* Exercise aim
Nothing but the lines from the one containing "892 Crestridge Cir, Tarpon" to the end of the data should be copied, exactly, and the pictures stay out.

* Input data

━━━━━━━━━━━━━━━━

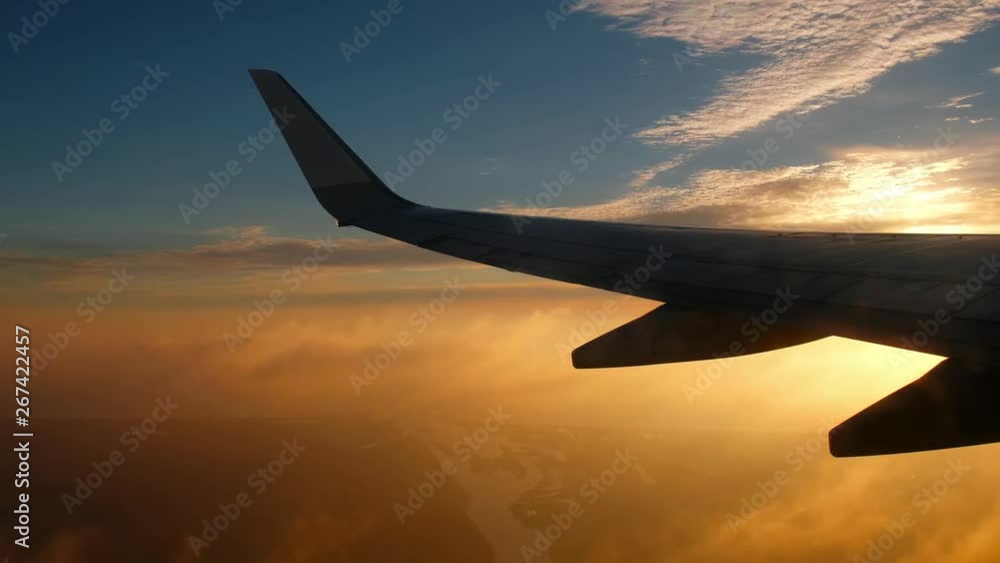 The view from the flying airplane window on cumulus clouds and wing of plain The view from the flying airplane window on cumulus clouds and wing of plain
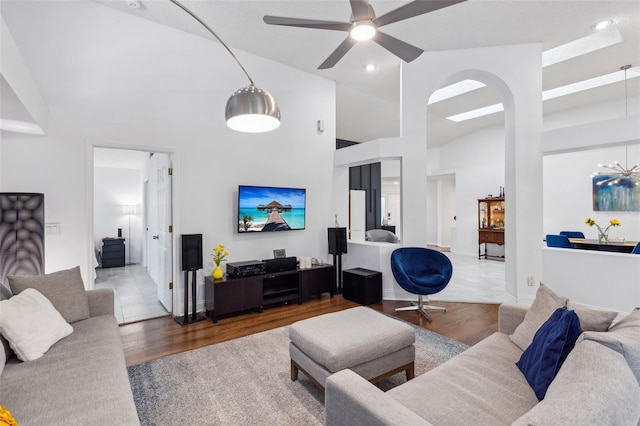 892 Crestridge Cir, Tarpon Springs, FL 34688 - living area featuring wood finished floors, high vaulted ceiling, a ceiling fan, arched walkways, and recessed lighting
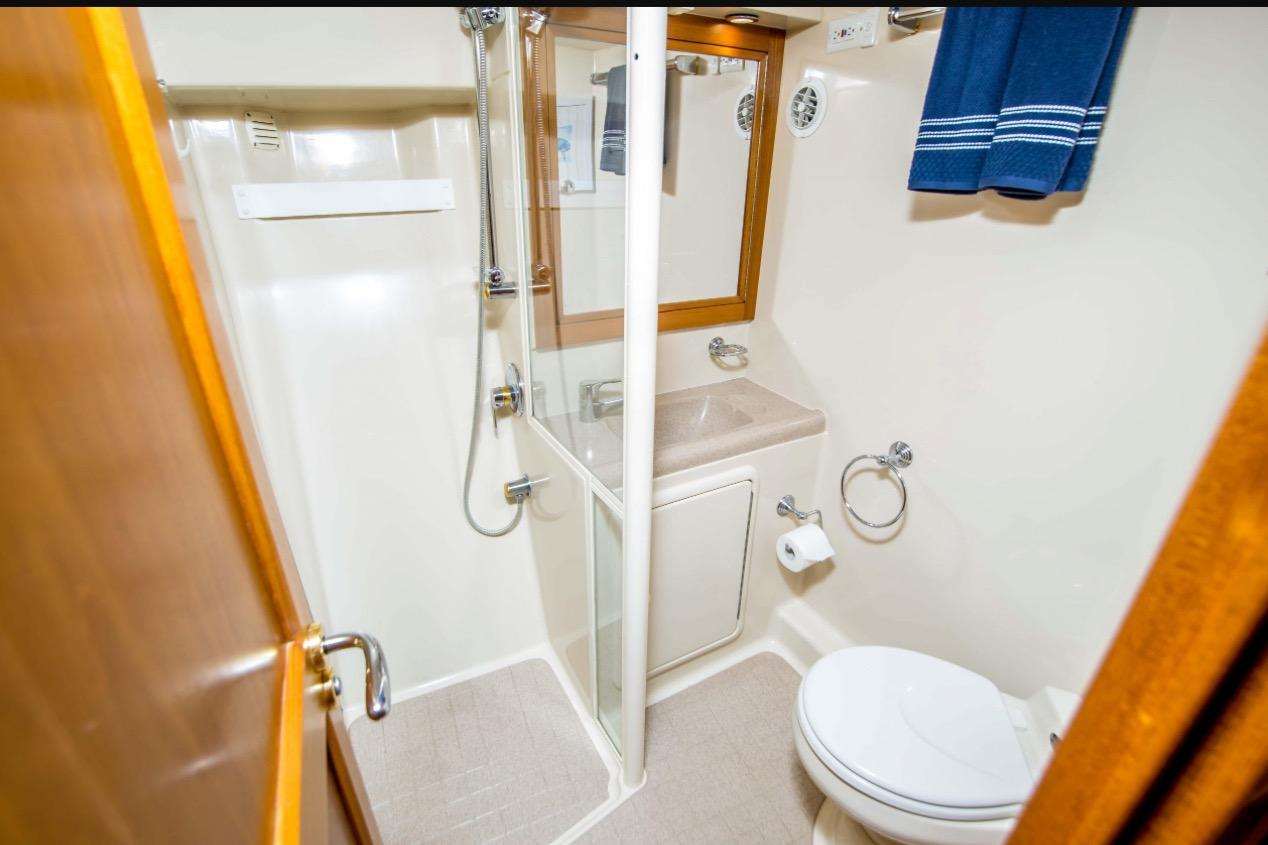 Bathroom interior of 2000 Riviera 48 Enclosed Flybridge yacht, featuring shower and toilet.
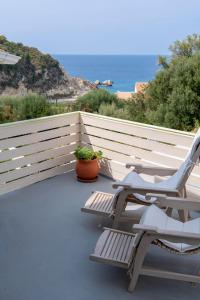 uma varanda com duas cadeiras e o oceano ao fundo em Villa Christianna Studios em Áyios Nikítas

━━━━━━━━━━━━━━━━

* Finished task
 892 Crestridge Cir, Tarpon Springs, FL 34688 - living area featuring wood finished floors, high vaulted ceiling, a ceiling fan, arched walkways, and recessed lighting
 Bathroom interior of 2000 Riviera 48 Enclosed Flybridge yacht, featuring shower and toilet.
 uma varanda com duas cadeiras e o oceano ao fundo em Villa Christianna Studios em Áyios Nikítas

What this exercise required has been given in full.